Table 1 Model comparison of 3 kinds of flow systems


Summary
In this paper, we introduce 3 stream computing systems in the industry, and hope to realize the key problems to be solved in the design of these systems.
Yahoo! S4 's latest version is Alpha version v0.3.0, dynamic load balancing and online service migration and other important features have not yet been achieved, but its representative 3 features worth learning, actor mode, non-centralized symmetric structure and pluggable architecture.

Streambase is a powerful IDE that supports a control-style approach to building applications, while also providing a high-level language for building applications. Because it is a commercial product, the design of its user interface is worthy of reference, and its composable ha scheme is also one of the highlights.
Borealis is an important output of academic research, it is a new generation of flow system involved in many aspects, such as data model, load management, high availability, scalability are all made a comprehensive and detailed research, on the one hand the system becomes strong, advanced, on the other hand makes the system also become bloated, complex. Many of the strategies of this system are worth learning and can be applied to different streaming computing scenarios.

Author Yangdong, Baidu distributed senior research and development engineer, engaged in hypertable, Hadoop and flow-type computing research from: http://www.programmer.com.cn/8606/

Contact Us

The content source of this page is from Internet, which doesn't represent Alibaba Cloud's opinion; products and services mentioned on that page don't have any relationship with Alibaba Cloud.
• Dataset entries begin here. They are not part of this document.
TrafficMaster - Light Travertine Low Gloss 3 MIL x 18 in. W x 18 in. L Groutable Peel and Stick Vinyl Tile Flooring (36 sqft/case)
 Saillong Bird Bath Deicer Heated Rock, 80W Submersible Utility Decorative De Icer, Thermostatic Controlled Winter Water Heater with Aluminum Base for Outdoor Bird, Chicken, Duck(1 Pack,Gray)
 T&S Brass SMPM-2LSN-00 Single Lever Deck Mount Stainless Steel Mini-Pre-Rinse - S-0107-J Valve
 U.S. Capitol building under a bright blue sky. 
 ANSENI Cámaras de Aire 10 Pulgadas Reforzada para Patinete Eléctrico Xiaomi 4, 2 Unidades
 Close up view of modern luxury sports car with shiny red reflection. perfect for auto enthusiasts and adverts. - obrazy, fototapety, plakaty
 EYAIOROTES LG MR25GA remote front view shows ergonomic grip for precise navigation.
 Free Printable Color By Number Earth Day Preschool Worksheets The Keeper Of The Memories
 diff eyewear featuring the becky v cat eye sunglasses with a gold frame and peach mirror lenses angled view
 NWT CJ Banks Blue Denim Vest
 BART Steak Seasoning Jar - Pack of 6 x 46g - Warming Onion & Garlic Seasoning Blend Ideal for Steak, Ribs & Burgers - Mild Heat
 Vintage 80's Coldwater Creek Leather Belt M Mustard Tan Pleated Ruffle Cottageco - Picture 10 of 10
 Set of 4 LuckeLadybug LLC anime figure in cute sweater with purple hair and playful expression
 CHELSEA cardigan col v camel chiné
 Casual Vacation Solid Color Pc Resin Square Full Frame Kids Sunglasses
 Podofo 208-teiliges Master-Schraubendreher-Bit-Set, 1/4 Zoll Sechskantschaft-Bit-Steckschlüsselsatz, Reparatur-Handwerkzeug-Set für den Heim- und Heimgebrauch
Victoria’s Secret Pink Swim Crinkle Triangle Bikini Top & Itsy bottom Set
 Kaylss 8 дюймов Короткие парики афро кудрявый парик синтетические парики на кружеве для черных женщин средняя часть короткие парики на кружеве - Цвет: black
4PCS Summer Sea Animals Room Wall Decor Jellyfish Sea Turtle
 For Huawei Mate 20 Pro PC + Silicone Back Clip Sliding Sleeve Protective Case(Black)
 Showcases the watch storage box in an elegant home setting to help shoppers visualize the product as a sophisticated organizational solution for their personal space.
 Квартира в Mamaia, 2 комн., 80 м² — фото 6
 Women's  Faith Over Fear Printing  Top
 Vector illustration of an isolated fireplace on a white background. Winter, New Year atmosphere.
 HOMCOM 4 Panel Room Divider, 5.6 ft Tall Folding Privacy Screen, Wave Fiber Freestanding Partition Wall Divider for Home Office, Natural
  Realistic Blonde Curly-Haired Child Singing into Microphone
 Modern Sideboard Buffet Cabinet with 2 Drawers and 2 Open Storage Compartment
If the content of the page makes you feel confusing, please write us an email, we will handle the problem within 5 days after receiving your email.

If you find any instances of plagiarism from the community, please send an email to: info-contact@alibabacloud.com and provide relevant evidence. A staff member will contact you within 5 working days.

A Free Trial That Lets You Build Big!

Start building with 50+ products and up to 12 months usage for Elastic Compute Service

  • Sales Support

    1 on 1 presale consultation

  • After-Sales Support

    24/7 Technical Support 6 Free Tickets per Quarter Faster Response

  • Alibaba Cloud offers highly flexible support services tailored to meet your exact needs.